LPG incentives could help save lives
The re-introduction of the London congestion charge exemption for vehicles powered by autogas LPG and incentives to convert to vehicles to the alternative fuel, could help to save the lives and improve the health of thousands of Londoners. The claim comes from Autogas Limited following new research by King’s College London which revealed that 9,400 die each year in London as a result of long-term exposure to air pollution, more than twice as many people as previously thought.
The premature deaths are caused by two key pollutants, nitrogen dioxide (NO2) and fine particulates (PM2.5) which are both significantly lower in vehicles powered by autogas LPG compared with both petrol and diesel. Indeed, NO2 emissions from autogas vehicles are up to 80 percent lower than diesel and particulates are up to 98 percent lower than diesel.
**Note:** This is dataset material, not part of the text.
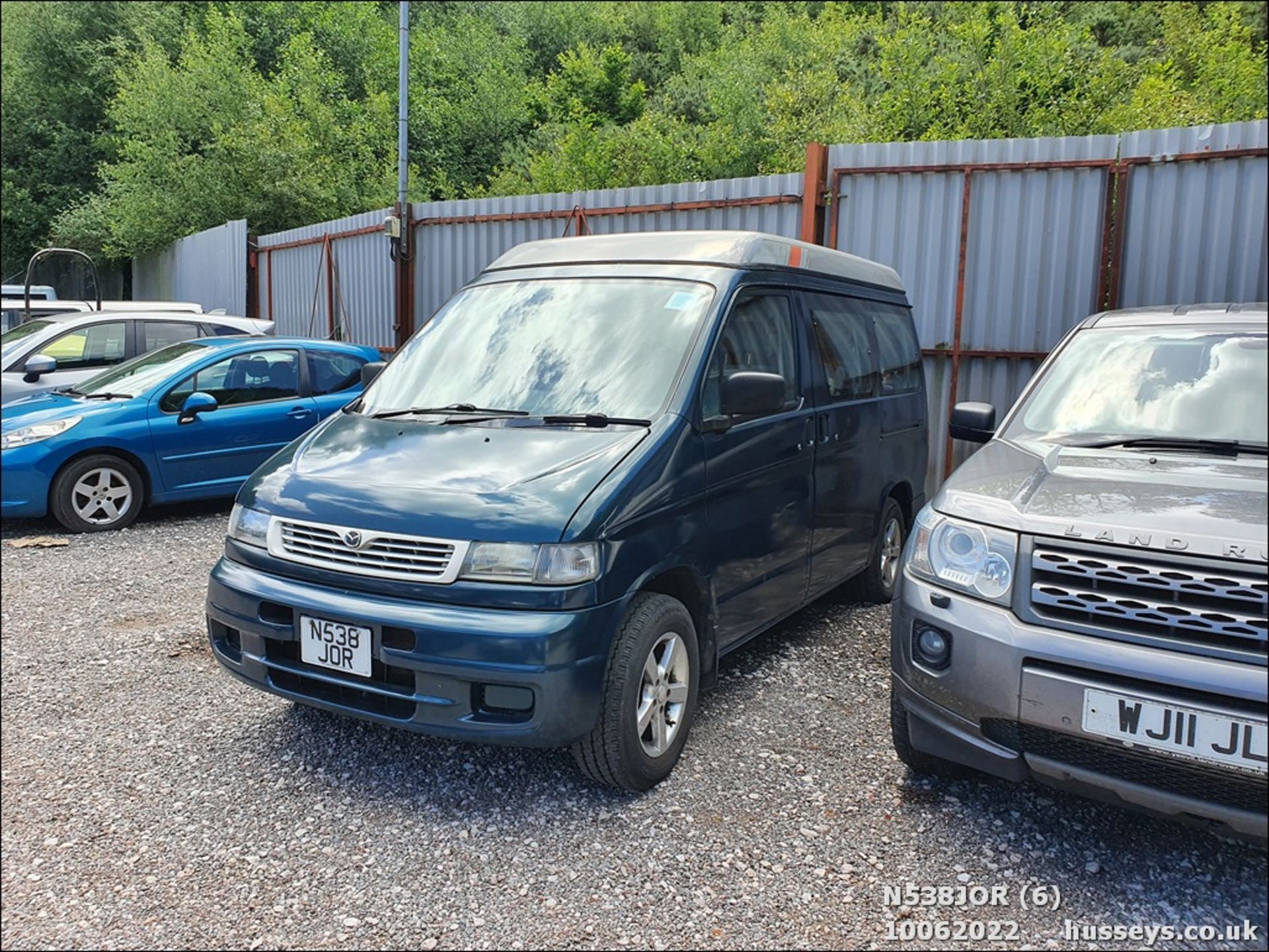 2007 MAZDA BONGO - 2498cc 4dr Estate (Green) - Image 6 of 12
‘These latest figures are incredibly worrying and show that immediate action is required by the Mayor’s office to protect the health and save the lives of those living and travelling into the city,’ comments Linda Gomersall, general manager, Autogas. ‘In the past, incentives were available to those converting to LPG. Motorists travelling into the Capital on autogas LPG were also rewarded for taking the cleaner option by receiving a 100 percent discount from the congestion charge. However, since the Mayor’s office removed this discount and the wider conversion incentive was withdrawn, many drivers fail to consider this cleaner alternative, often going back to more heavily polluting diesels. By re-introducing the discount for LPG powered cars and offering conversion incentives once again, many motorists will be encouraged back to the cleaner fuel and we can start making an immediate improvement in London’s air quality.’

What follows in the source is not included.